Brief
Two lines below mark the span: the one containing "Darby Creek Trail" and the one containing "Schöne-Zeitlup". Set down both, plus every line between, exactly as they stand, and nothing else.

Material to process
────────────────

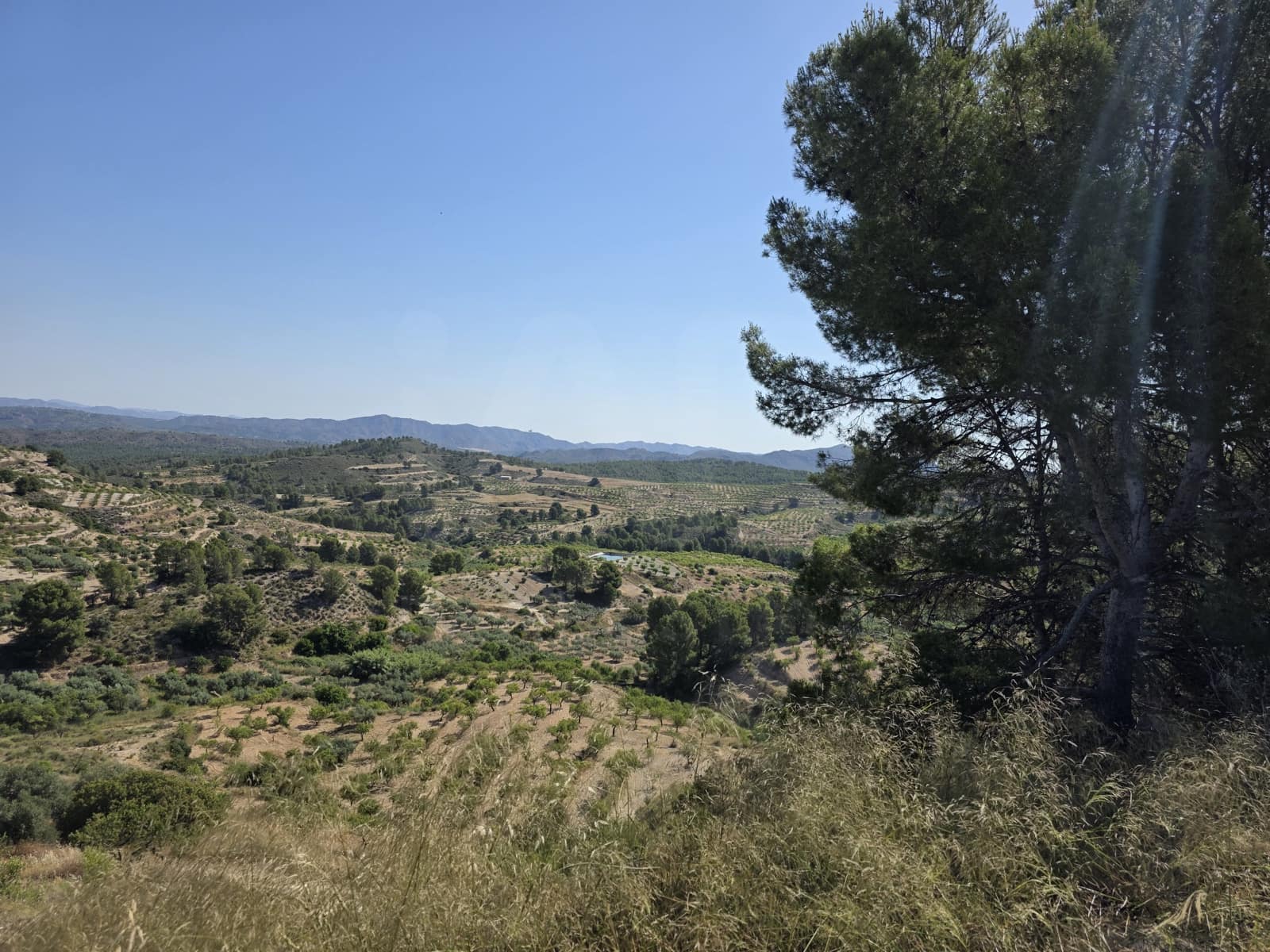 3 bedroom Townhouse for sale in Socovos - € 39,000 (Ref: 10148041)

────────────────

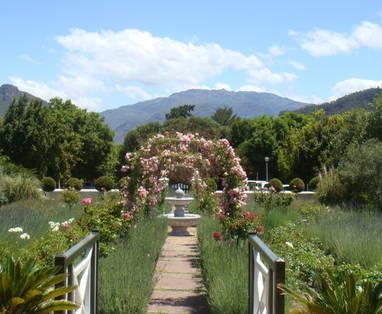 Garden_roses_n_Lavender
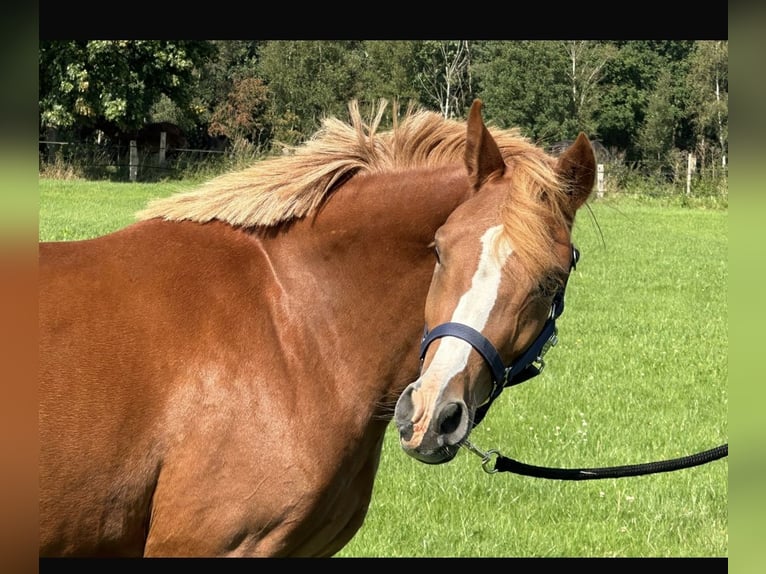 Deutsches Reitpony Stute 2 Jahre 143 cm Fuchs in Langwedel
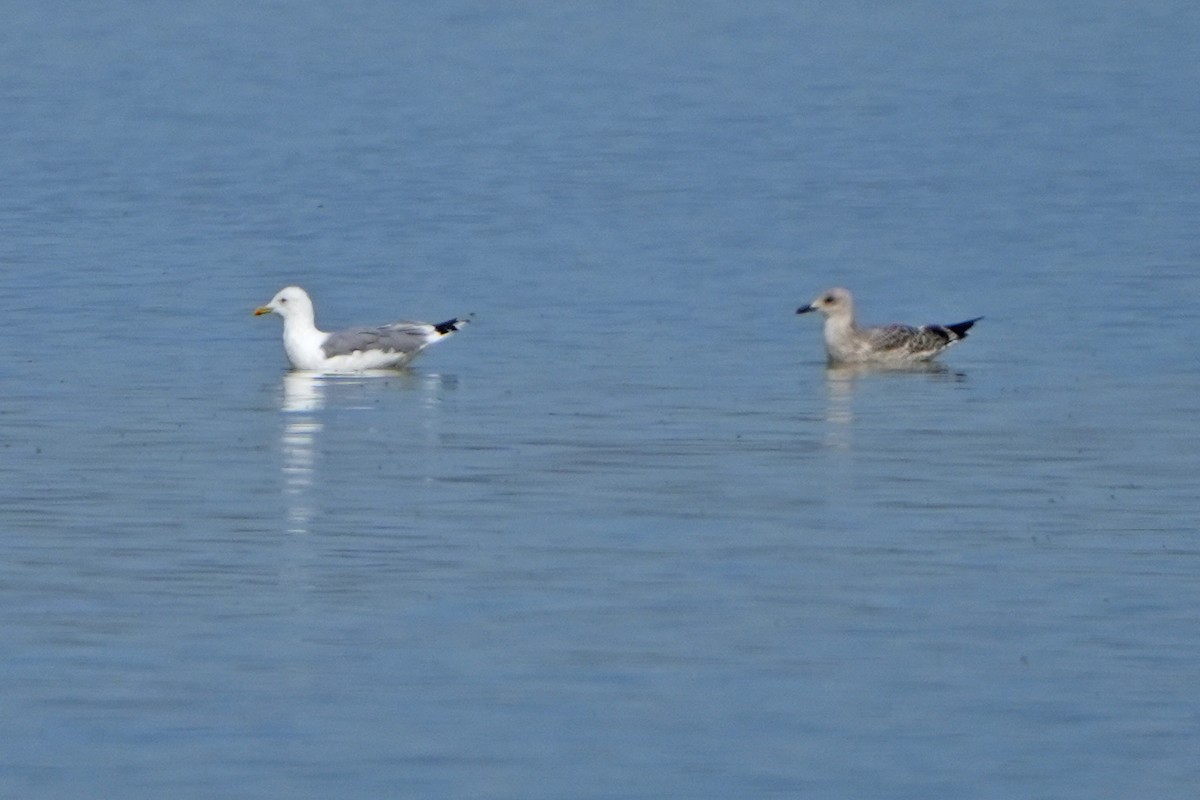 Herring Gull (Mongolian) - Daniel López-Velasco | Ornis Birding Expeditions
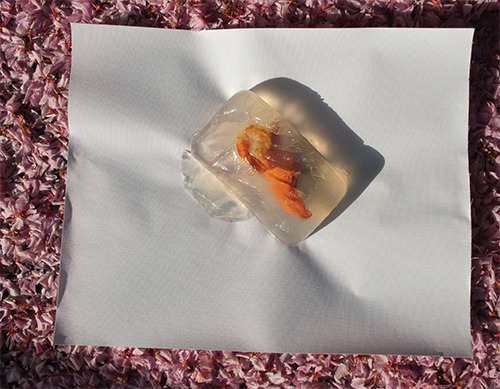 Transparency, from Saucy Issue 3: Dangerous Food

────────────────

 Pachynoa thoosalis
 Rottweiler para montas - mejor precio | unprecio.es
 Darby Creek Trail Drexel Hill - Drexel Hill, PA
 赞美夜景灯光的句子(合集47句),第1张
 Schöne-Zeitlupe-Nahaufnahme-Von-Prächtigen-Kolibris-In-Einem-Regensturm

────────────────

Task output
 Darby Creek Trail Drexel Hill - Drexel Hill, PA
 赞美夜景灯光的句子(合集47句),第1张
 Schöne-Zeitlupe-Nahaufnahme-Von-Prächtigen-Kolibris-In-Einem-Regensturm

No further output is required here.